If your brand already has high levels of awareness, strong recall, and high brand trust, there's a real risk that an ineffective rebrand project completely resets your equity instead of building on it.
In other words:
You might spend a huge amount to ultimately weaken your brand: a balance-sheet asset that took years of effort and investment to build.
What's the alternative? Brand-as-product: a flexible, testable, and cost-effective approach.
A large brand refresh project is avoidable if brand consistency is kept in check, and brands can flex over time instead of rebuilding or renovating every 7-10 years.
Brand-as-product means treating your brand like a digital product. It involves a process of continual testing, refinement, iterative evolution, and upgrading. This approach mitigates the cycle of decay and renewal associated with major rebrand projects, ensuring brands maintain relevance, salience, distinctiveness, and creative integrity over time.
We're currently in the process of building the perfect brand-as-product toolkit, which includes:
- OnBrand: the instant, automated brand checker, which you can express your interest to test via a free pilot now.
- BrandHQ: eliminate brand mess with a single user interface, and an assistant to help with all things brand related. No more searching through email chains, servers, folder, or multiple websites for brand assets.

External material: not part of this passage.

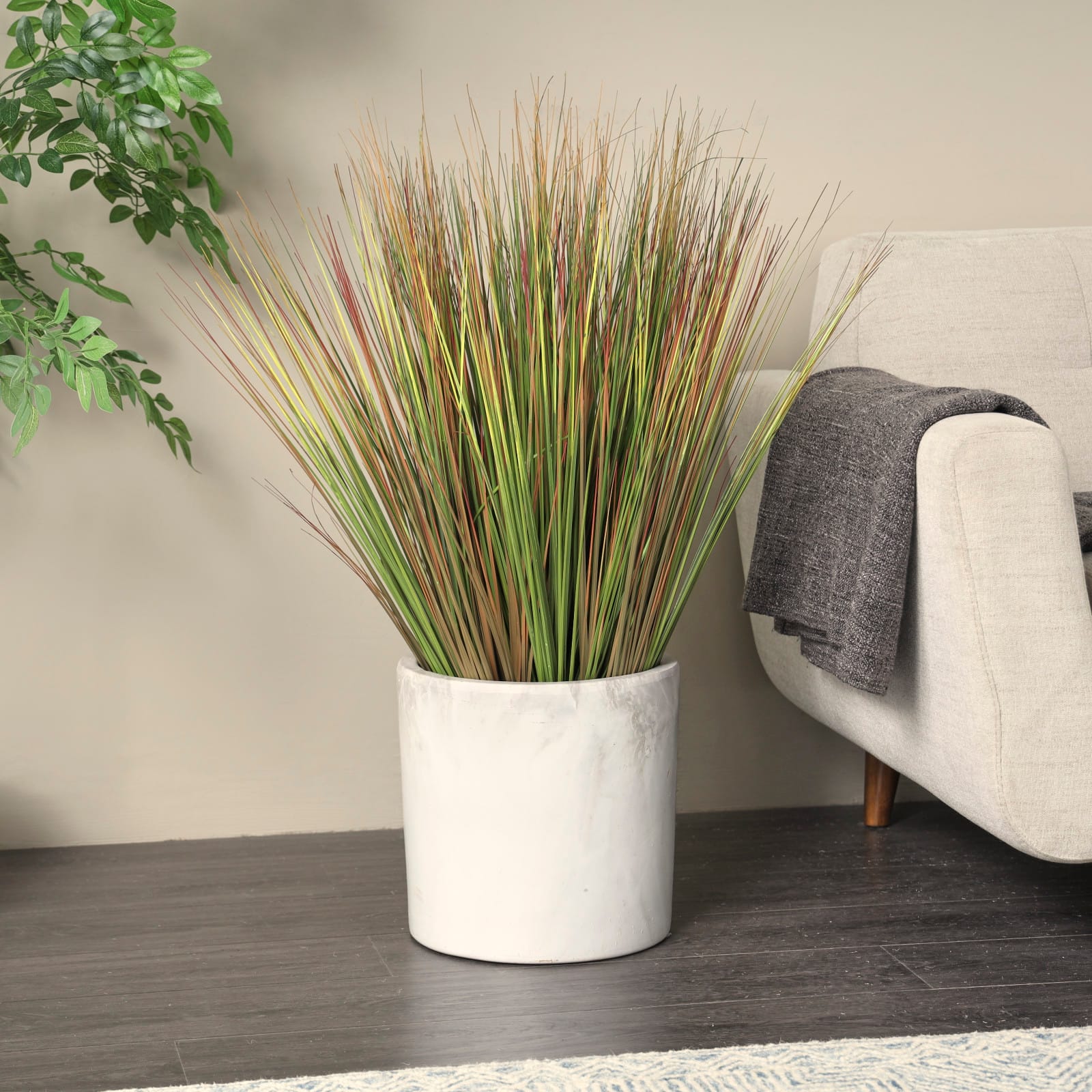 3ft. Green Onion Grass Artificial Plant with Black Pot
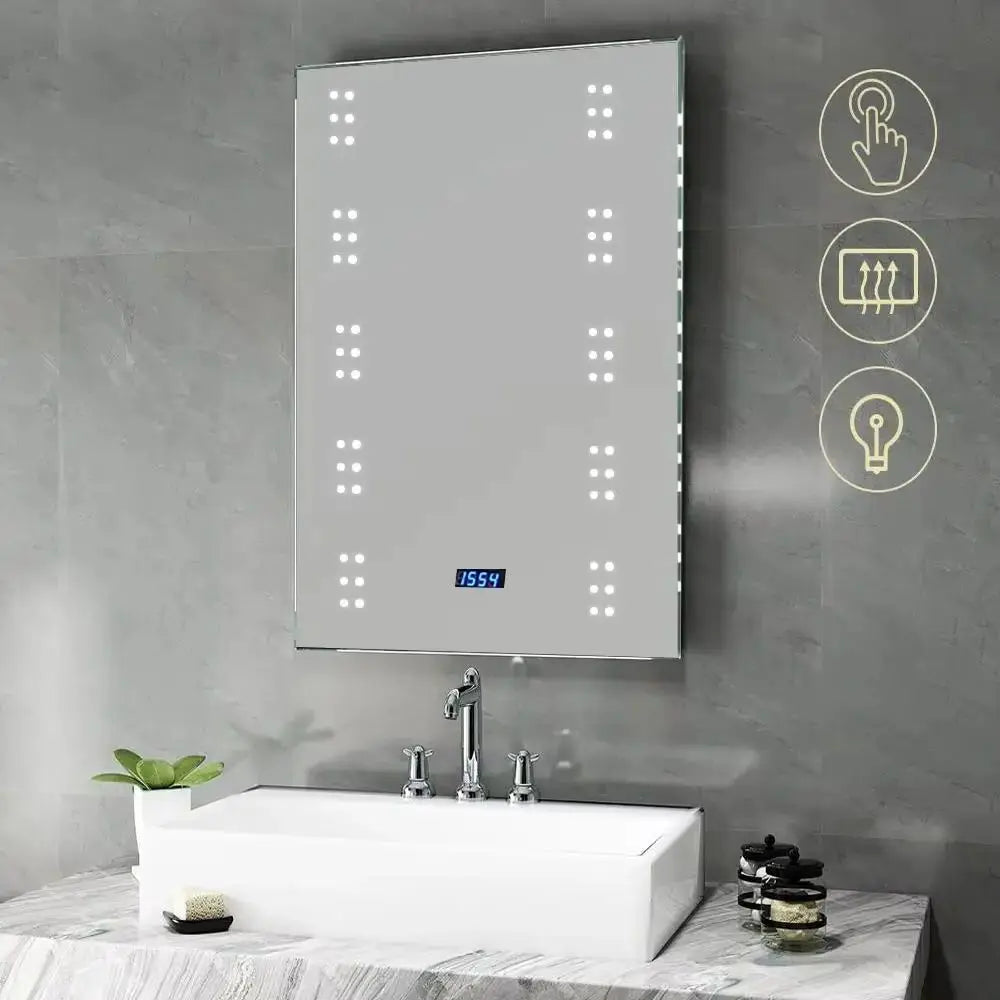 Illuminated LED Bathroom Mirror with Lights Shaver Socket Demister and Sensor Wall Mounted 700X500Mm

- BrandIQ: 'Where's the most recent logo I should use in print applications?' 'What acceptable imagery do we have for this product?' The AI-powered chatbot helpdesk for all brand-related questions.
- And more…
A major rebrand comes with substantial cost, significant risk, and no guarantee of success.
For a fraction of the cost—and with a brand-as-project approach—you can strengthen what you already have, solidify brand governance, improve consistency, accelerate marketing, and deliver measurable return-on-investment within 12 months.
And, if the brand-as-product approach doesn't fix your issues? You can always reconsider the rebrand. It's a win/win approach, with nothing lost.